Doubly-Regressing Approach for Subgroup Fairness
This addresses fairness issues in AI applications for subgroups with multiple sensitive attributes, but it is incremental as it builds on existing subgroup fairness methods.
The paper tackles the computational and data sparsity challenges in subgroup fairness with multiple sensitive attributes by developing the DRAF algorithm, which reduces a surrogate fairness gap and outperforms baselines in benchmark datasets, especially when many subgroups are small.

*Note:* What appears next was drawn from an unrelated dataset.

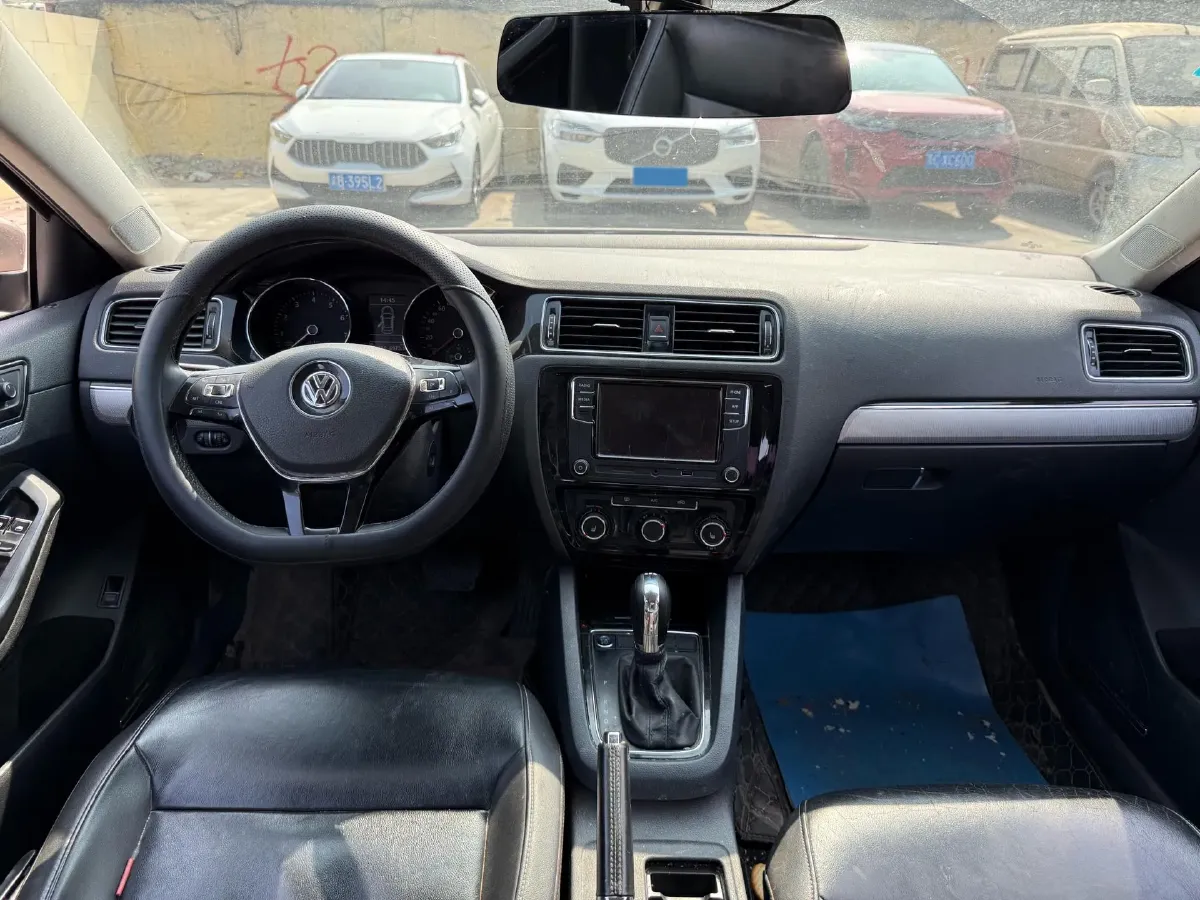 2018 Volkswagen Bora 1.4T 131HP L4 7DCT,autocango,china used car exporter,china ev exporter,chinese used car exporter,chinese used ev exporter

Algorithmic fairness is a socially crucial topic in real-world applications of AI. Among many notions of fairness, subgroup fairness is widely studied when multiple sensitive attributes (e.g., gender, race, age) are present. However, as the number of sensitive attributes grows, the number of subgroups increases accordingly, creating heavy computational burdens and data sparsity problem (subgroups with too small sizes). In this paper, we develop a novel learning algorithm for subgroup fairness which resolves these issues by focusing on subgroups with sufficient sample sizes as well as marginal fairness (fairness for each sensitive attribute). To this end, we formalize a notion of subgroup-subset fairness and introduce a corresponding distributional fairness measure called the supremum Integral Probability Metric (supIPM). Building on this formulation, we propose the Doubly Regressing Adversarial learning for subgroup Fairness (DRAF) algorithm, which reduces a surrogate fairness gap for supIPM with much less computation than directly reducing supIPM. Theoretically, we prove that the proposed surrogate fairness gap is an upper bound of supIPM. Empirically, we show that the DRAF algorithm outperforms baseline methods in benchmark datasets, specifically when the number of sensitive attributes is large so that many subgroups are very small.